*WHAT TO WORK ON*: Drop every picture. Return the rest of the entries exactly.

*DATA EXTRACTS*:
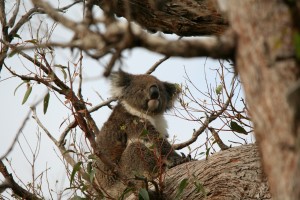 Koala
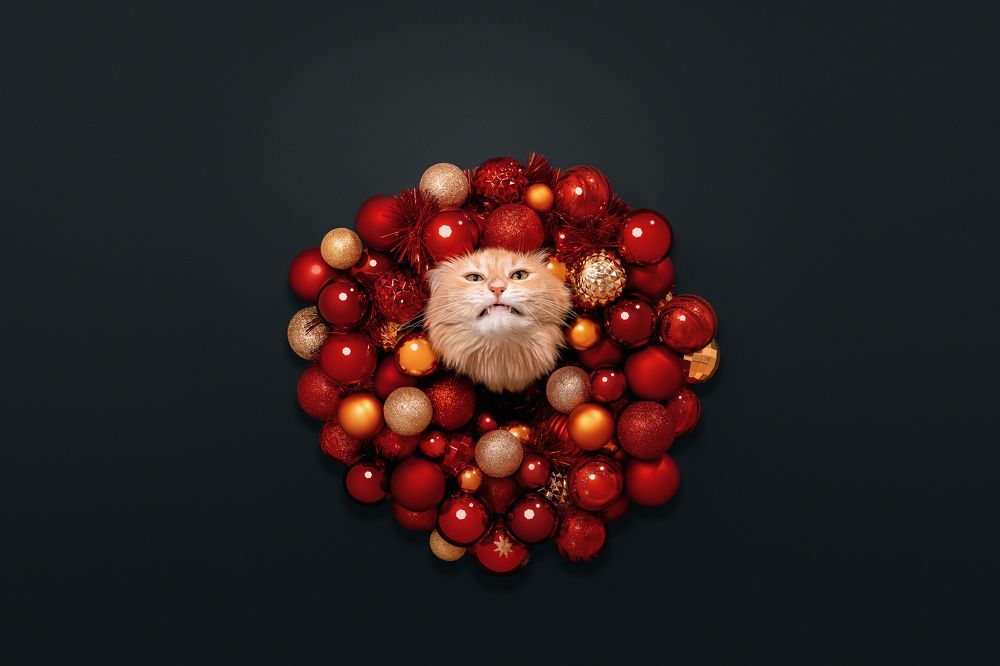 Фотография автора Мазурева Анастасия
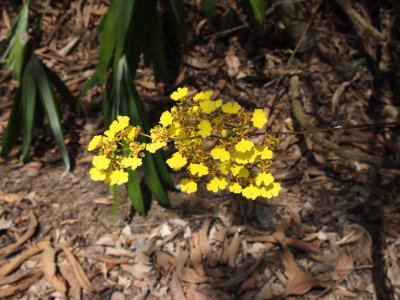 Dancing Ladies Orchid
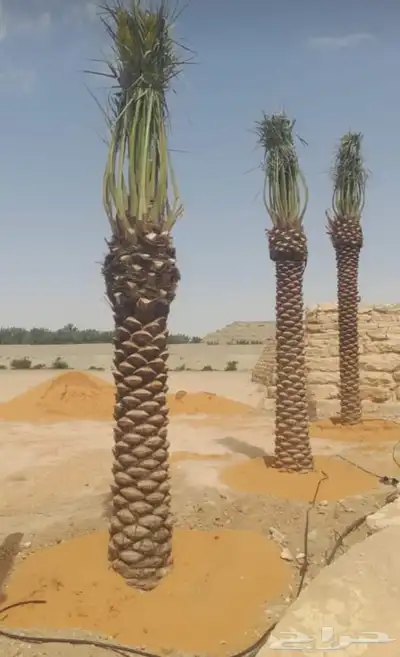 نخل للبيع إخلاص سكري برحي ونان مجدولة صقعي 5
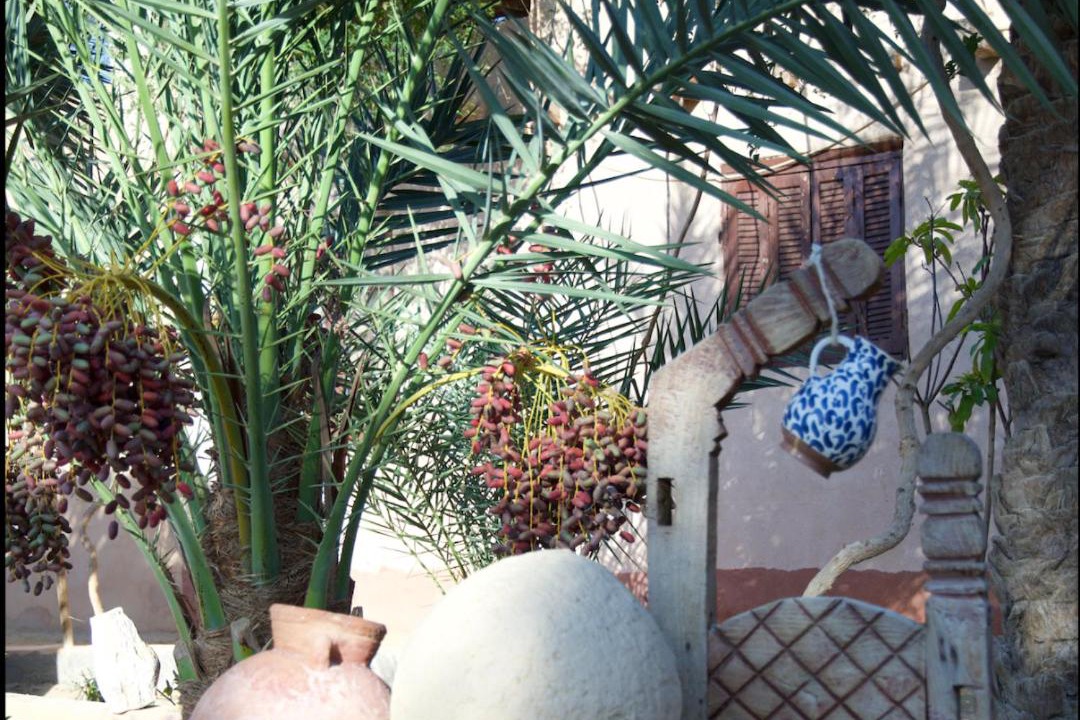 Photo of Others in Al Fayoum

*RESULT OF THIS TASK*:
 Koala
 Фотография автора Мазурева Анастасия
 Dancing Ladies Orchid
 نخل للبيع إخلاص سكري برحي ونان مجدولة صقعي 5
 Photo of Others in Al Fayoum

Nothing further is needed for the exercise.